The target for the click is shown as link=World which means Selenium looks for a hyperlink with the visible text of “World”. The Selenium Core reference has more information on how elements can be located.

To build up the test I continued to go through and click the other navigation links, i.e., UK, England, Northern Ireland, etc. I then clicked the “Play” button and Selenium directs the browser through the path just taken and checks the specified assertions. Commands that succeeded are coloured green in the IDE and those that failed will turn red:

IDE after test execution screenshot

Selenium supports several formats for test scripts but the IDE supports just two; HTML (also known as Selenese) and Ruby. HTML is the easiest to parse for non-programmers, and the default. It is visible in the “Source” tab:

IDE source tab screenshot

I saved this test to disk and created a new blank test.

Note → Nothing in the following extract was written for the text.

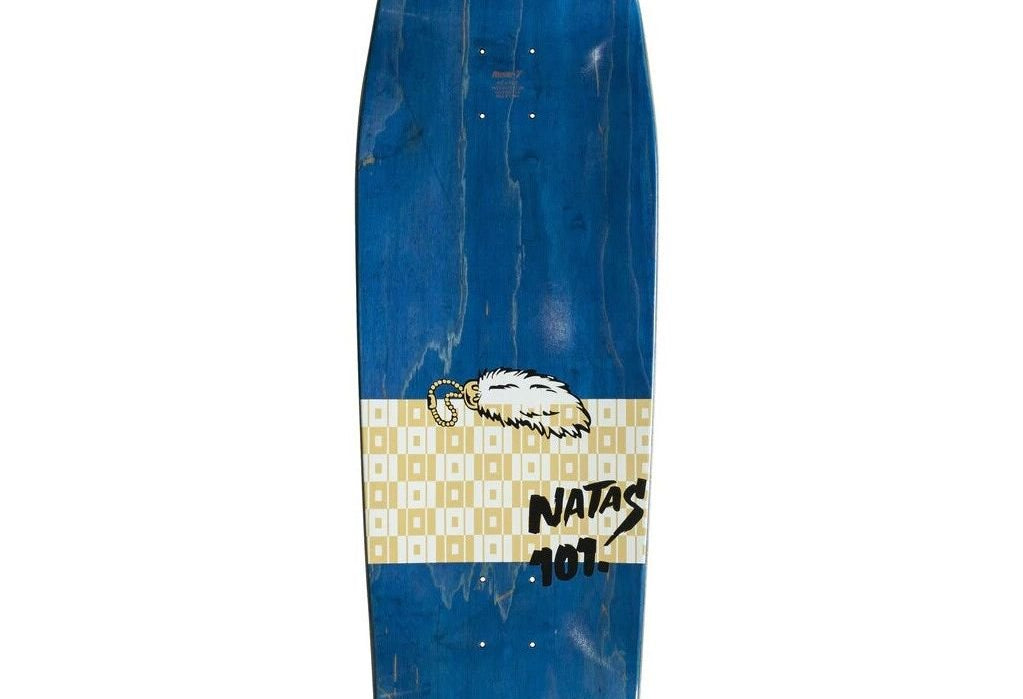 101 Heritage Series Natas Bunny Trap Screened Old School Re-Issue Deck - SkateTillDeath.com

Selenium also supports forms and so in the search box at the top of the BBC News website, I entered theo and clicked “Search”. The IDE shows these actions including the command type. The target is listed as just q which is the name of the input element where the typing should go:

IDE after search screenshot

One thing to note is that the BBC uses a separate host for searching (search.bbc.co.uk). The tests will run in the IDE because it is a Firefox extension, but they will not work in Selenium Core or RC because Javascript is security restricted to making calls to the page origin host and port only (See “The Same Origin Policy“).

The football player, Theo Walcott, has been in the news a lot so I want to assert that his name comes back in the search results. I highlight the text “Walcott”, right click on the selection and then click “assertTextPresent Walcott”:

IDE context menu screenshot

This creates an entry in the IDE that checks that the text “Walcott” is present somewhere in the document:

IDE after asserting text present screenshot

It is possible to do a more precise check for text. Looking at the web page source code, the search summary “Page 1 of 145 pages for theo” is contained within a paragraph. In the IDE, I click the row below the last command in the IDE and below the test list, select “assertText” in the Command column. In the Target column, I enter the XPath that identifies that paragraph element: //p[@class='bodymainResults allmainr borders']. Clicking on “Find” in the IDE will flash the selected node (this requires the DOM Inspector to be installed):

IDE highlight element screenshot

Because the actual number of pages will change, I use a wildcard to match this part of the text and enter Page 1 of * pages for theo in the “Value” column:

IDE after wildcard text check

Selenium Core and RC

The Selenium Core component contains the main test runner. A web page within the test runner directory provides the necessary controls to run the tests.

Because of the same origin restriction and the fact that I could not deploy Selenium Core onto the BBC web site, I used Selenium RC to automate the test running. As well as a server that can launch browsers and initiate the tests, it contains a proxy server that makes it look like the Selenium Core test runner is hosted on the target web site.

Both of these components can be driven using various languages, e.g., Java, .NET, Python, Ruby. They can also use the HTML style tests that were saved from the IDE and this is the most interesting method of test execution for me at the moment as it allows non-programmers, i.e., not me, to build up test suites.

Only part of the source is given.